An obvious fact is that constitutions are only as good as the people who are responsible for making it work. To ensure that India truly became secular, a quality leadership at the centre was of prime necessity. And in the Indian case, Pandit Nehru provided that. Nowadays, it is hardly possible to point out the good in Nehru, especially considering how much false propaganda there has been in his name. But, the fact that equality between religions became facts of life and not just pretty words, a major part of the credit has to be given to Nehru and the leadership of that era. Individuals like Patel, Rajaji, Azad and others have also not been given enough credit for this achievement.

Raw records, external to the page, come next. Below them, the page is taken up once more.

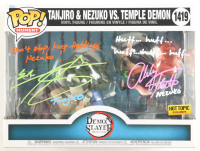 Abby Trott & Zach Aguilar Signed "Demon Slayer" #1419 Tanjiro & Nezuko vs. Temple Demon Funko Pop! Vinyl Figure Inscribed "Nezuko" & "Huff...Huff...Huff...Huff...Huff" & "Don't Stop, Keep Fighting Nezuko" (JSA) at PristineAuction.com
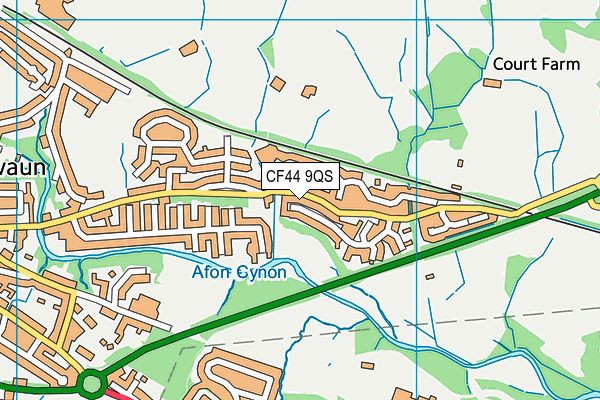 CF44 9QS map - OS VectorMap District (Ordnance Survey) CF44 9QS map - OS VectorMap District (Ordnance Survey)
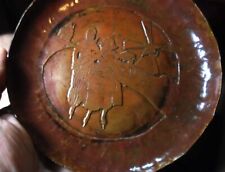 Antique Copper Plate Red Copper Dutch Collectible Handmade Art picture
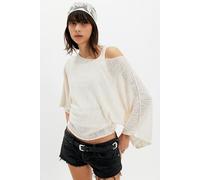 Amber Breeze Off-The-Shoulder Sweater at Free People in Ivory, Size: Medium - female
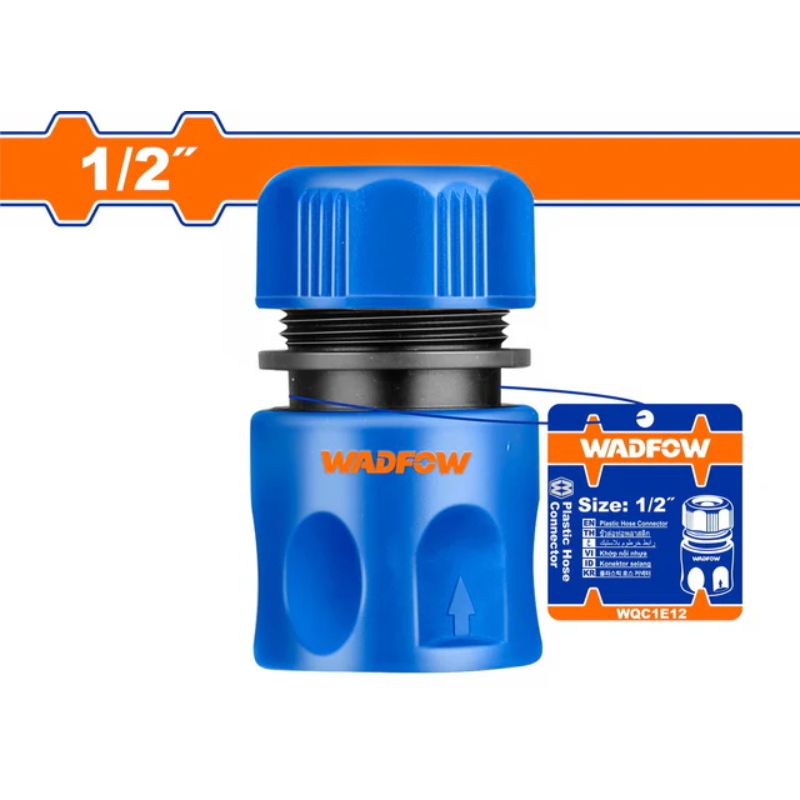WADFOW Plastic Hose Connector 1/2 inche WQC1E12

In the very first General Elections, the major plank of Pandit Nehru's campaign was against communal parties. This was extremely necessary at that point. Considering the ghastly violence during the partition, India needed to provide whatever assurance was necessary to allay the fear of the minorities. In almost every rally he participated in, he spoke out against the Hindu communalists (Muslim communalism was then non-existent), particularly singling out the Jana Sangh and the Hindu Mahasabha. The results reflected the national opinion against communalism. In fact, Nehru's India saw very less disturbance on the communal front. The parties which used religion as the basis for collecting votes remained perpetually on the margins. Communal pressure groups like the Sangh did exist (they were earlier banned for a brief duration following Gandhi's assassination) yet their activities were more or less restricted.

Setbacks

During the 1960s and 1970s, there were several sporadic riots at various times. However, the first major setback to secularism came in 1984, ironically during the rule of the party which had played a historic role in defending secularism. Sikh extremists had made the holiest Sikh shrine their shelter. In what was called the 'Operation Blue Star', the army was called in to flush out the extremists. Yet the Operation culminated in a disastrous end, despite the militants being killed. What happened in the next few months or so went down in history as the first pogrom of independent India.

The 1980s were by far the most disheartening as far as maintaining a secular polity is concerned. This decade saw a rebirth of the erstwhile Jana Sangh, albeit in a more venomous avatar. All of that resulted in the demolition of a structure which was a symbolic demolition of the tradition of tolerance. Violence erupted yet again in the very beginning of the century, as the action of a few and the inaction of many in Gujarat turned the state into a hellhole.

But secularism continues to exist in our country, despite the threats issued to it from various quarters. A nation is, after all, greater than any religion and humanity is greater than any nation. For our nation to remain a united whole, rather than a divided one, we need to fight communalism in all its manifestations, whether it be in the form of harmless-looking stereotypes or in the form of communal political parties.